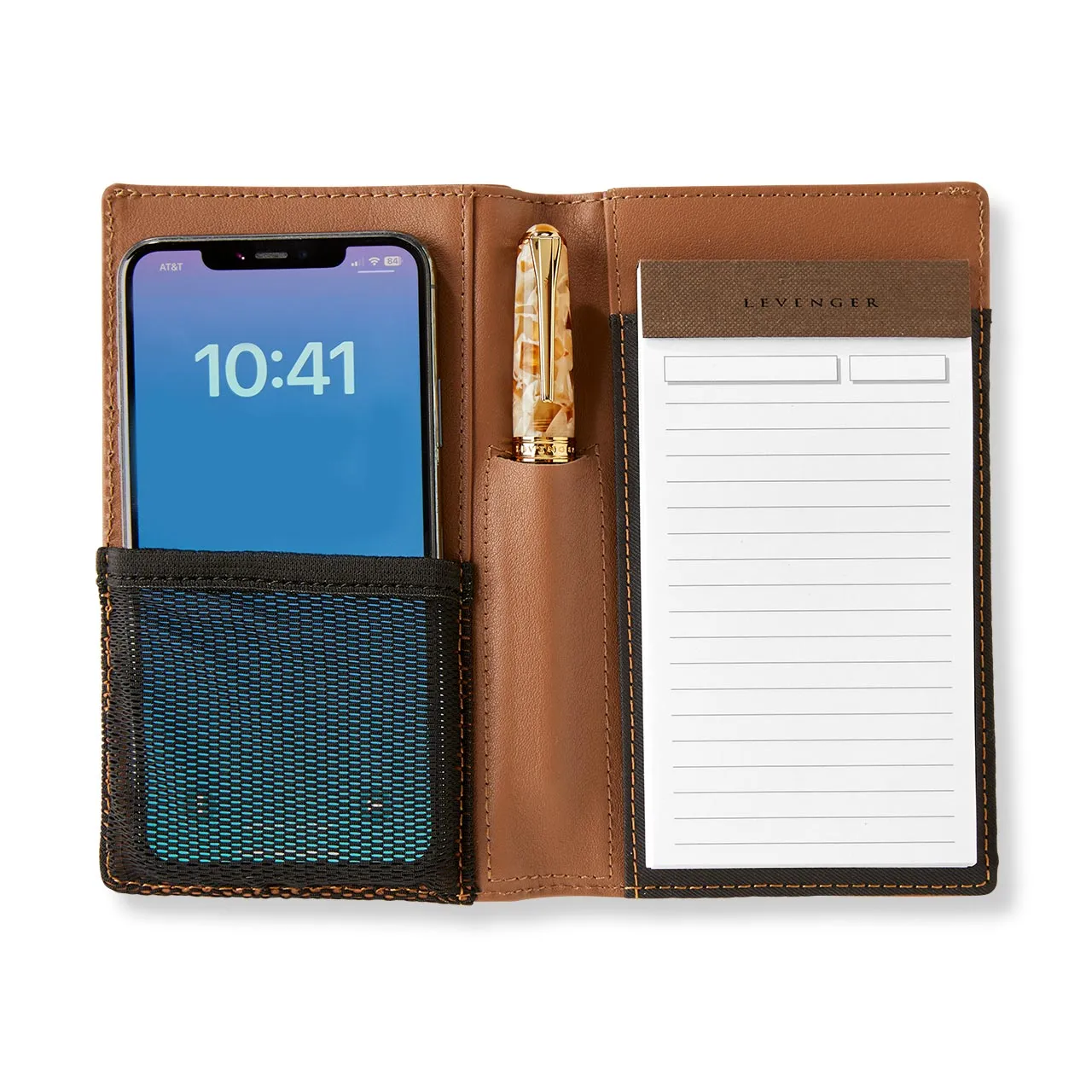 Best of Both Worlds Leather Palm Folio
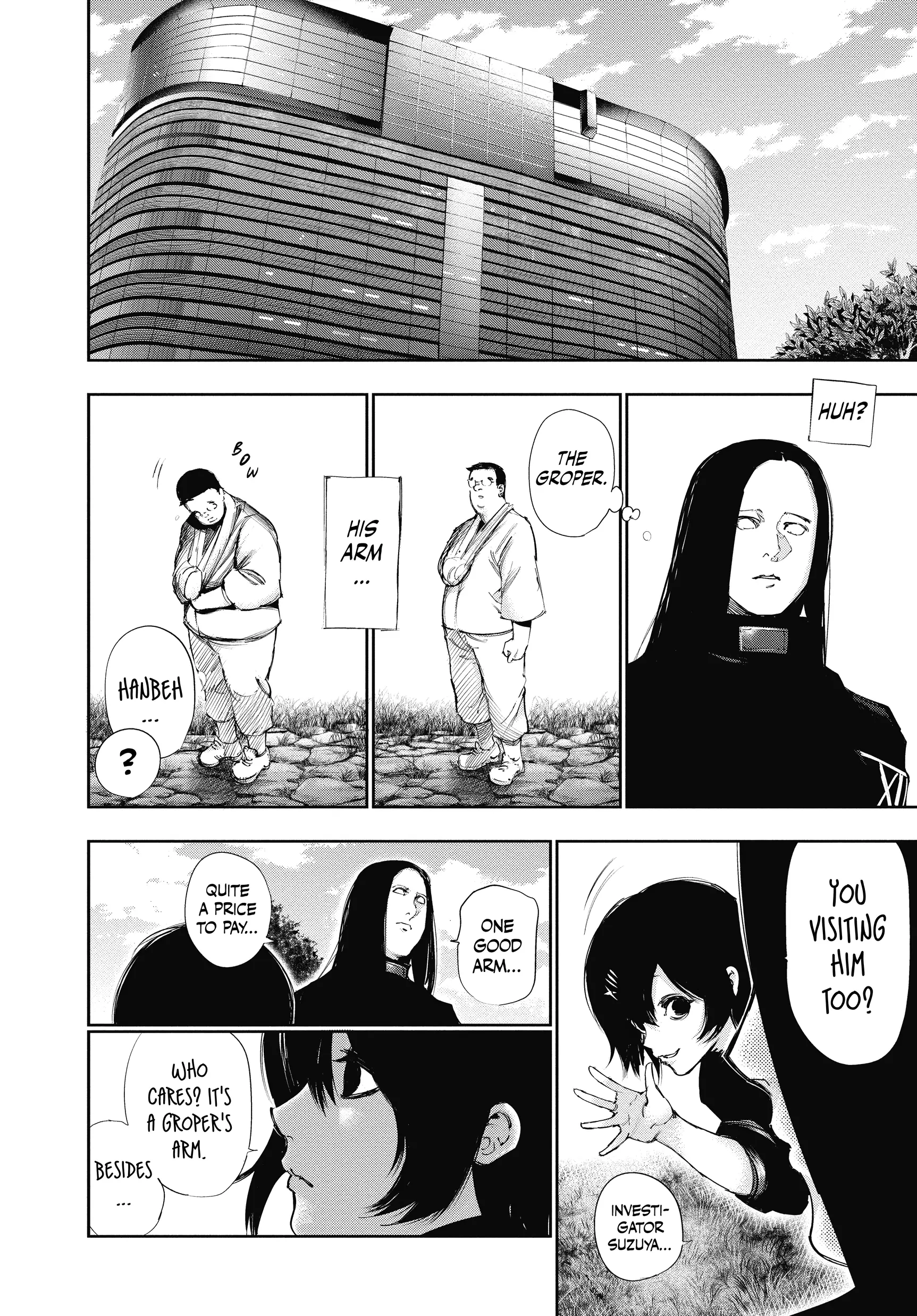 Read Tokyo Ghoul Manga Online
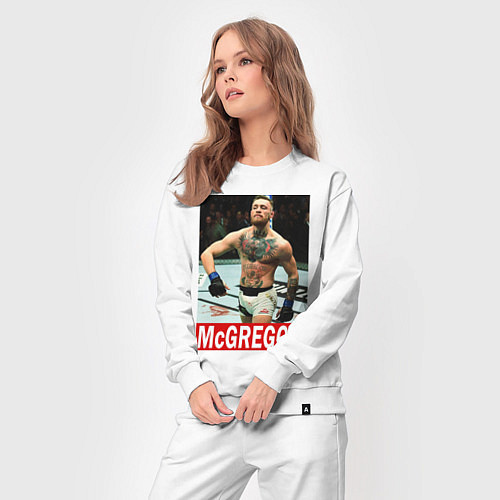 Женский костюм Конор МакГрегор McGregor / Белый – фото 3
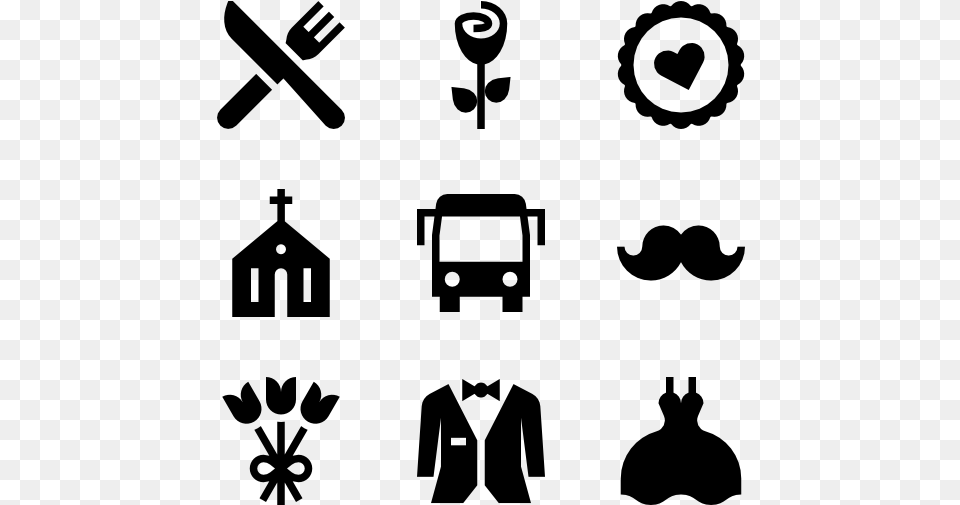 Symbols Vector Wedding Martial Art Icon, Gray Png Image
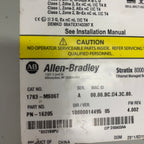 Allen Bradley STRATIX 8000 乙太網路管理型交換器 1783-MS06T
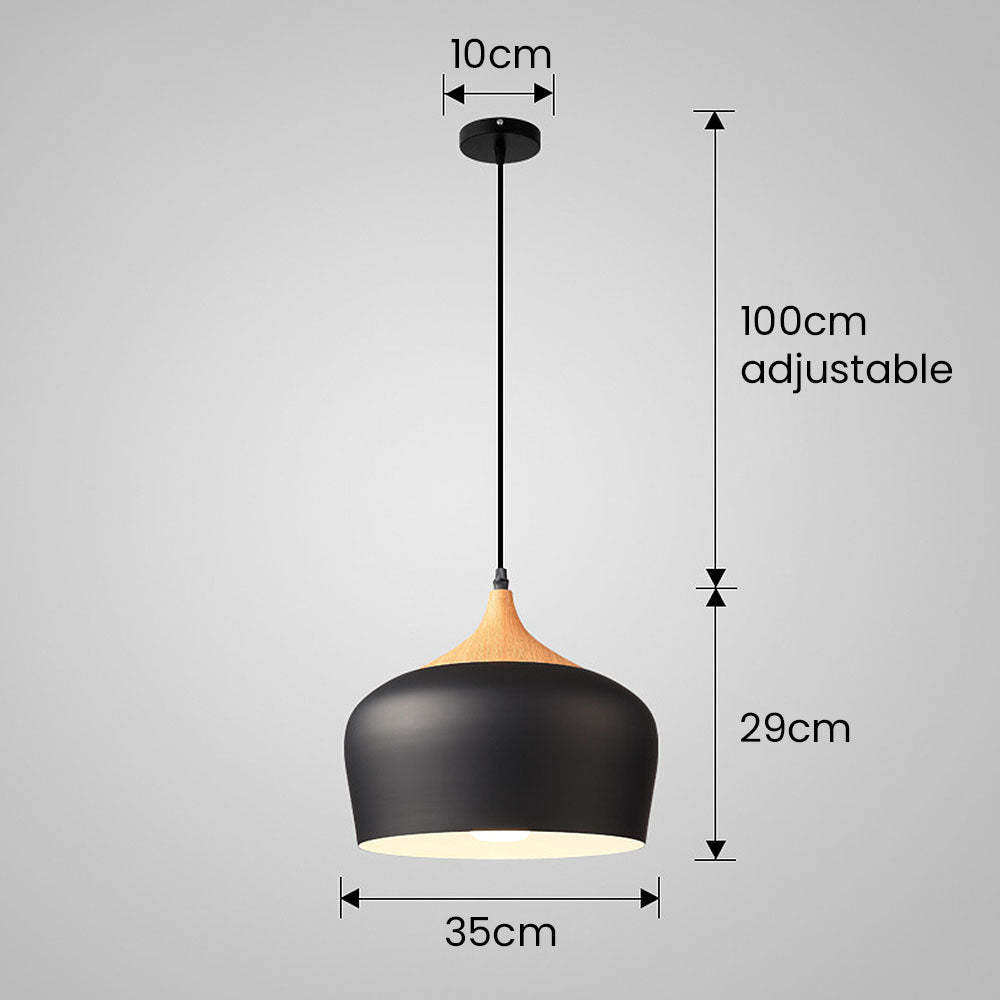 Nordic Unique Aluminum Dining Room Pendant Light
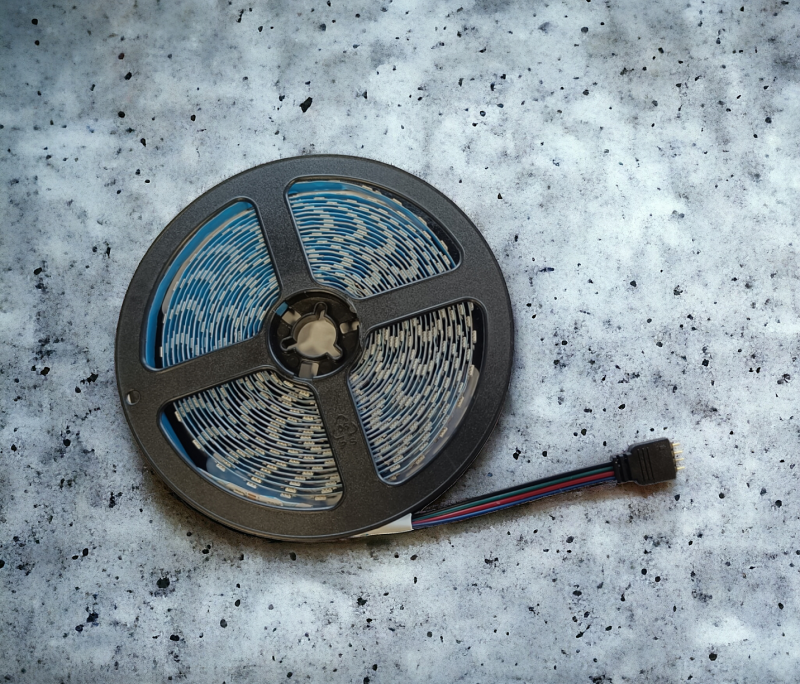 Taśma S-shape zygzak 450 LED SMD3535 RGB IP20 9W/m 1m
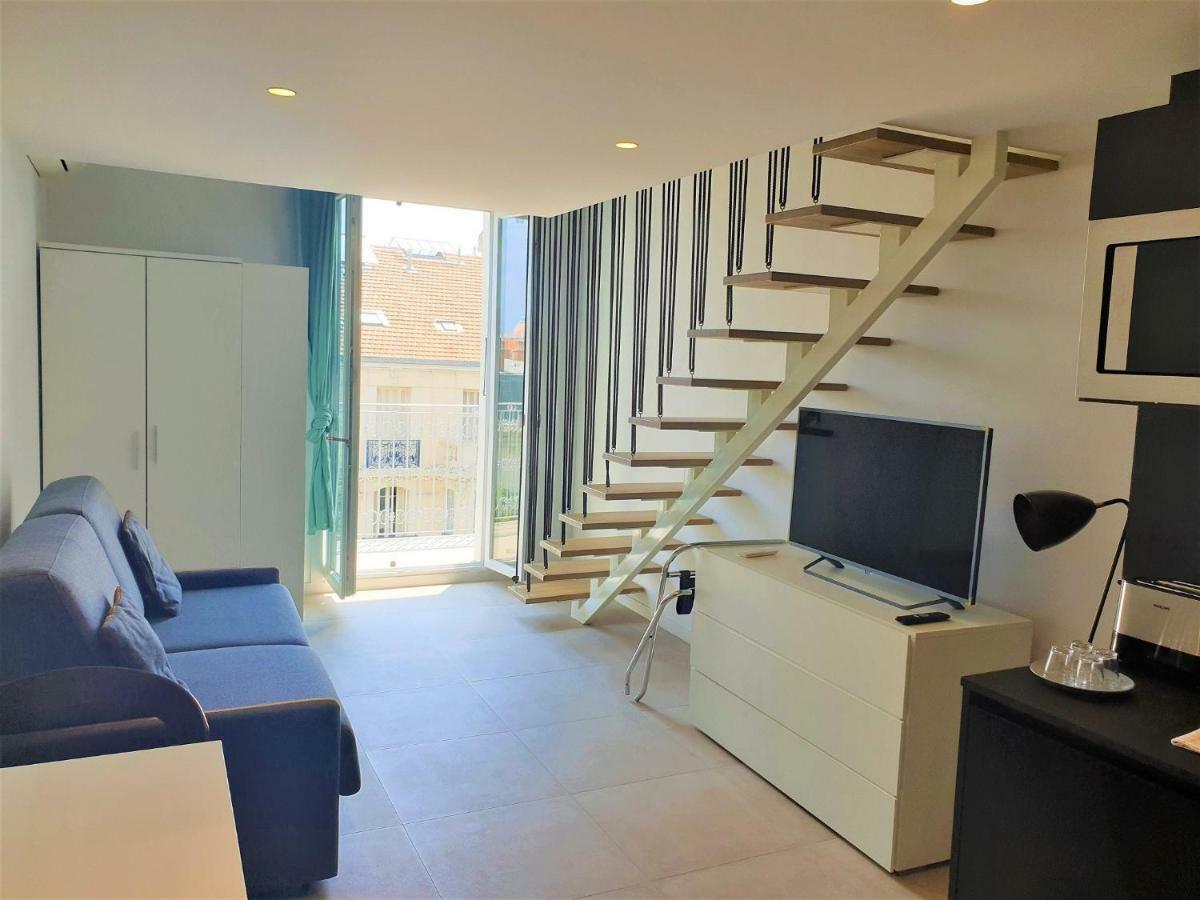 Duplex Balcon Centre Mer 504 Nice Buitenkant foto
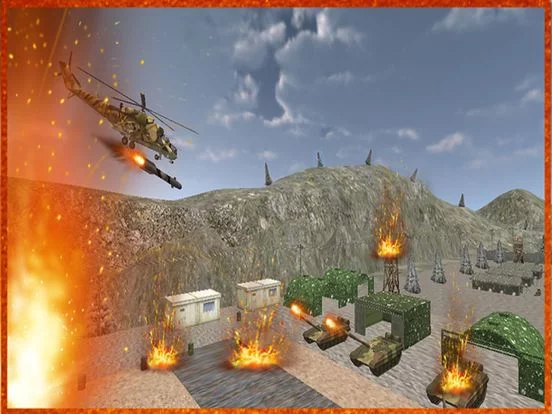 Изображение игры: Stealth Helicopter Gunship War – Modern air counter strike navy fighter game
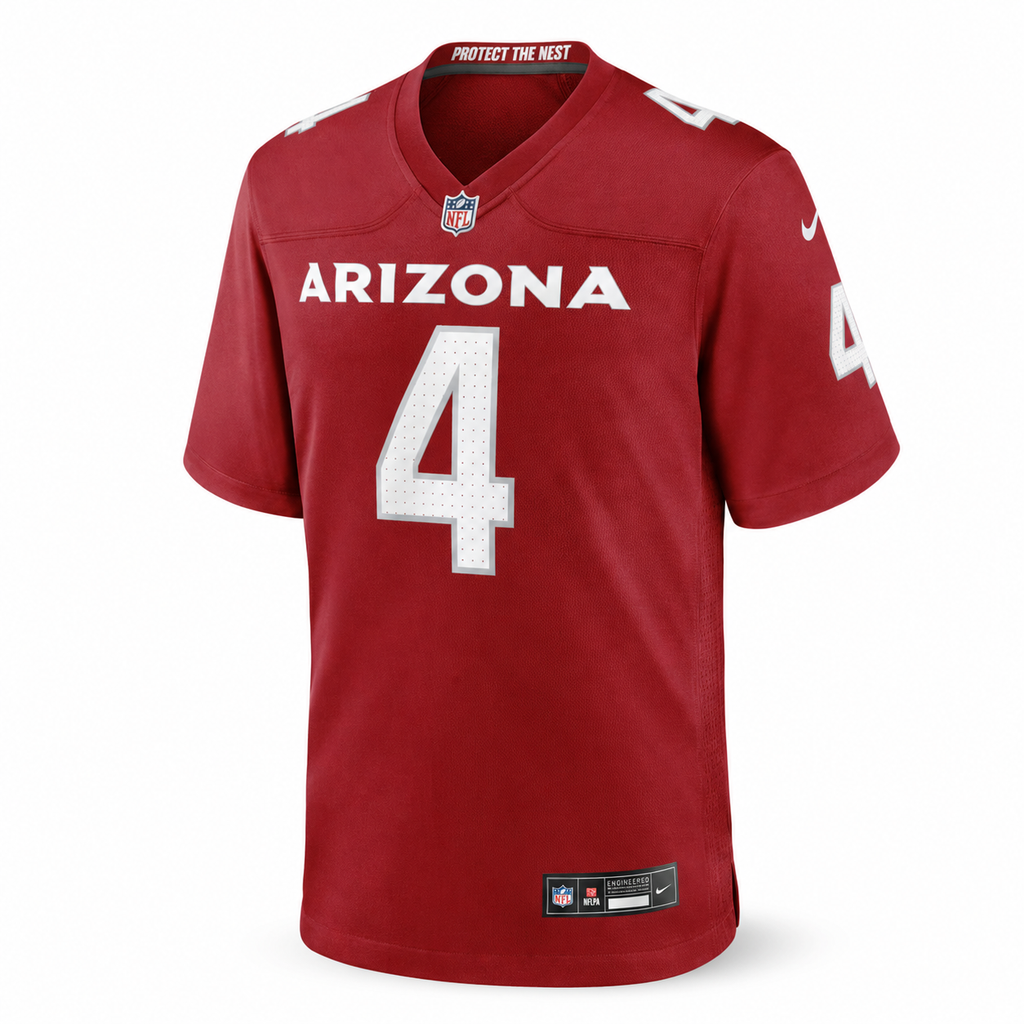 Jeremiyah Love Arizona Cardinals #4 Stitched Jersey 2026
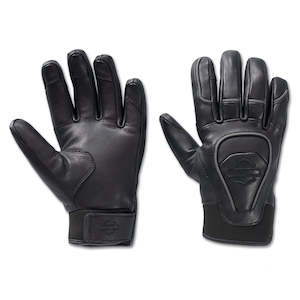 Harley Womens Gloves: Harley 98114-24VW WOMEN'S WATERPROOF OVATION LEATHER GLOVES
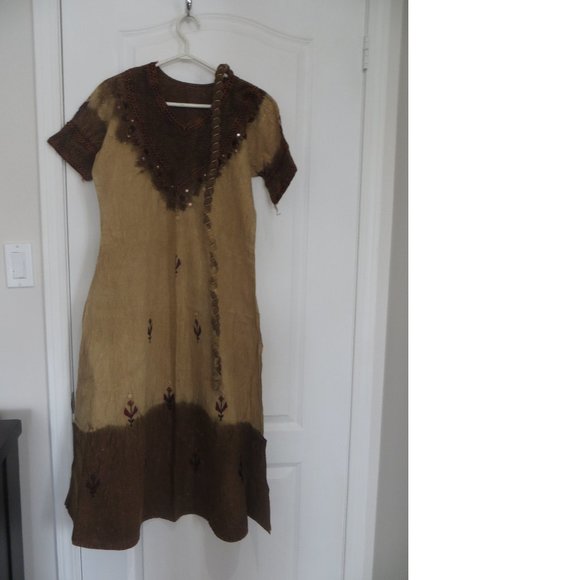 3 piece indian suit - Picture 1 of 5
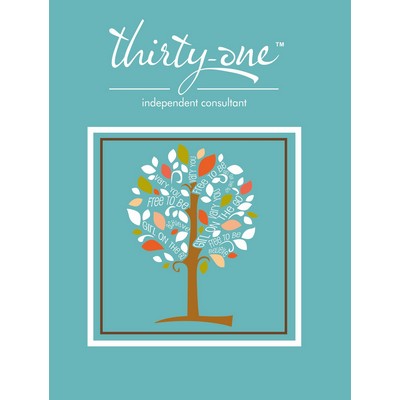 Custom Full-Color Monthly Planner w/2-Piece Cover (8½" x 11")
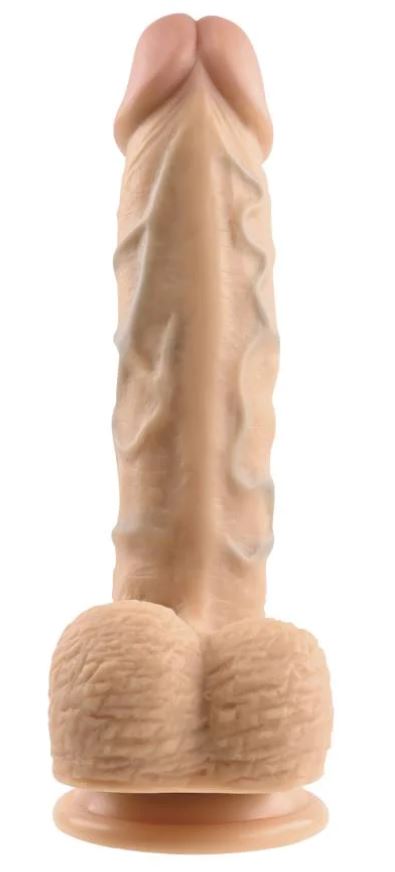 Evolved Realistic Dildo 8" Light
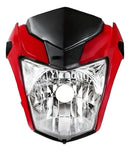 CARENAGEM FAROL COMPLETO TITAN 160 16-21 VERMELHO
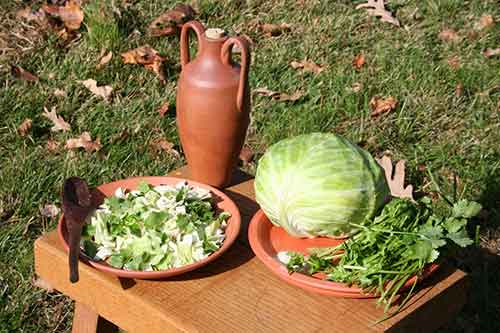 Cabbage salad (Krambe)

=-=-=-=-=

## PROBLEM TO SOLVE
Without the pictures, transcribe the listing exactly as it stands.

## EXERCISE SOLUTION
 Best of Both Worlds Leather Palm Folio
 Read Tokyo Ghoul Manga Online
 Женский костюм Конор МакГрегор McGregor / Белый – фото 3
 Symbols Vector Wedding Martial Art Icon, Gray Png Image
 Allen Bradley STRATIX 8000 乙太網路管理型交換器 1783-MS06T
 Nordic Unique Aluminum Dining Room Pendant Light
 Taśma S-shape zygzak 450 LED SMD3535 RGB IP20 9W/m 1m
 Duplex Balcon Centre Mer 504 Nice Buitenkant foto
 Изображение игры: Stealth Helicopter Gunship War – Modern air counter strike navy fighter game
 Jeremiyah Love Arizona Cardinals #4 Stitched Jersey 2026
 Harley Womens Gloves: Harley 98114-24VW WOMEN'S WATERPROOF OVATION LEATHER GLOVES
 3 piece indian suit - Picture 1 of 5
 Custom Full-Color Monthly Planner w/2-Piece Cover (8½" x 11")
 Evolved Realistic Dildo 8" Light
 CARENAGEM FAROL COMPLETO TITAN 160 16-21 VERMELHO
 Cabbage salad (Krambe)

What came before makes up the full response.